The four-hour AE waiting time target should be downgraded as it is distorting priorities, experts say.
The call by the Nuffield Trust comes as one of the most difficult winters for years is coming to an end with all four parts of the UK missing the target.
The think tank said the “fixation” meant other bottlenecks, such as ambulance delays and waits for beds, were not getting enough attention.
It said using a range of measures would give a more “balanced” picture.
The Nuffield Trust suggested long waits for beds – known as trolley waits – ambulance delays, the numbers leaving AE without being seen and patient satisfaction surveys could also be used to assess performance.
It said waiting times for treatments would still be measured as part of this more comprehensive monitoring regime.

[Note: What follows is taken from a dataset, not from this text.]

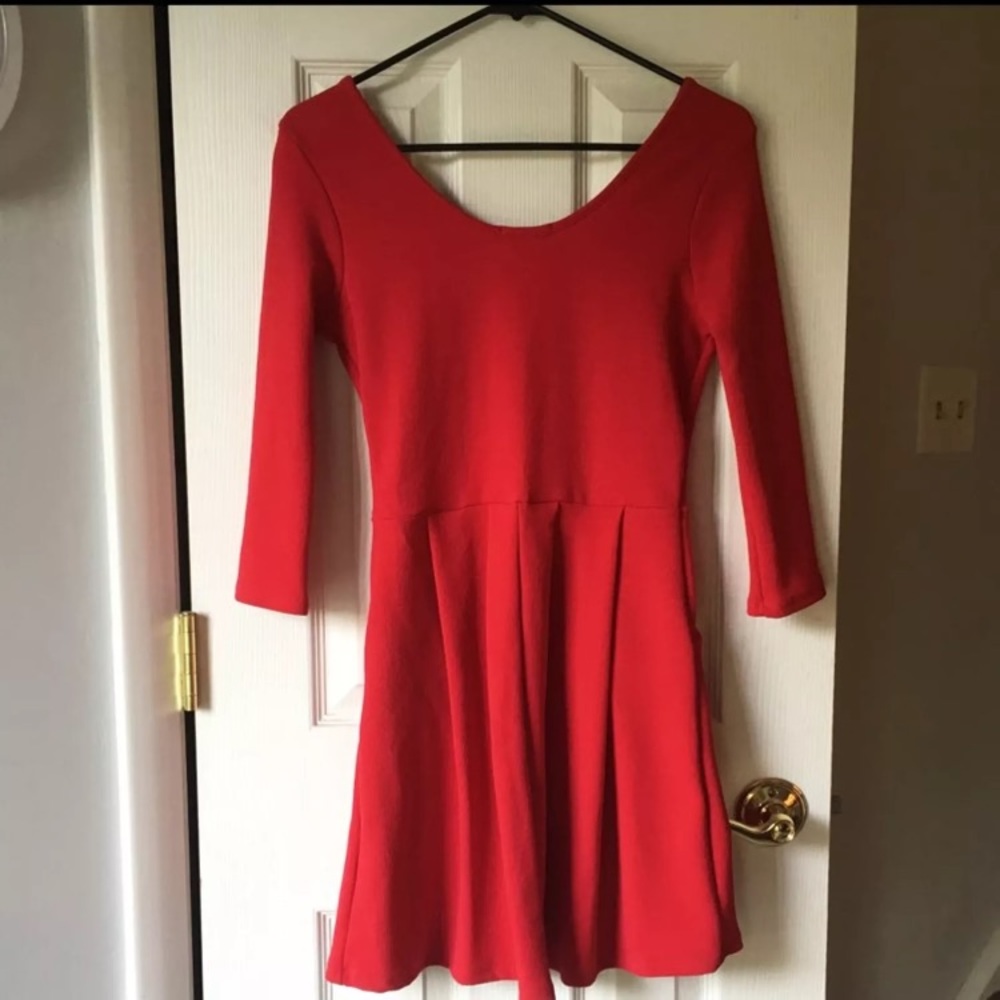 Long Sleeve Red Dress - Picture 2 of 2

The four-hour target explained

Hospitals in England are expected to see 95% of AE patients in four hours – similar targets exist elsewhere in the UK.
The four hours measures the point from arrival to when a patient is either discharged, transferred or admitted into the hospital for further treatment.
The target was introduced in 2004 and set at 98%. It was relaxed to 95% in 2010.
Latest figures show just 92% of patients are being seen in that time in England.
It is also being missed in Wales, Northern Ireland and Scotland.

The think tank, which has produced a briefing document on the pressures facing the system, said hospital managers were spending too much time and effort trying to meet a target, which for many hospitals was proving very difficult.
Overall, the target has not been hit on a weekly basis since September, but once the minor units, such as walk-in centres and minor injuries are stripped out, the major units – known as type ones – have not achieved the target since July 2013.
Nuffield Trust chief executive Nigel Edwards said: “The four-hour target has come to loom over every other measure of how well patients with urgent needs are being cared for.
“Nobody denies that it really matters to people. But there are a lot of other things that matter in emergency healthcare.
“Politicians and regulators need to stop micro-managing this target and should instead examine how to put the four-hour target on an equal footing with other critical indicators.”
The Royal College of Emergency Medicine said it was “broadly supportive” of the suggestions.
“The four-hour standard has reduced the amount of time patients spend in the emergency department, though it is clearly only one measure among many which should be used to measure the performance of departments,” a spokesman added.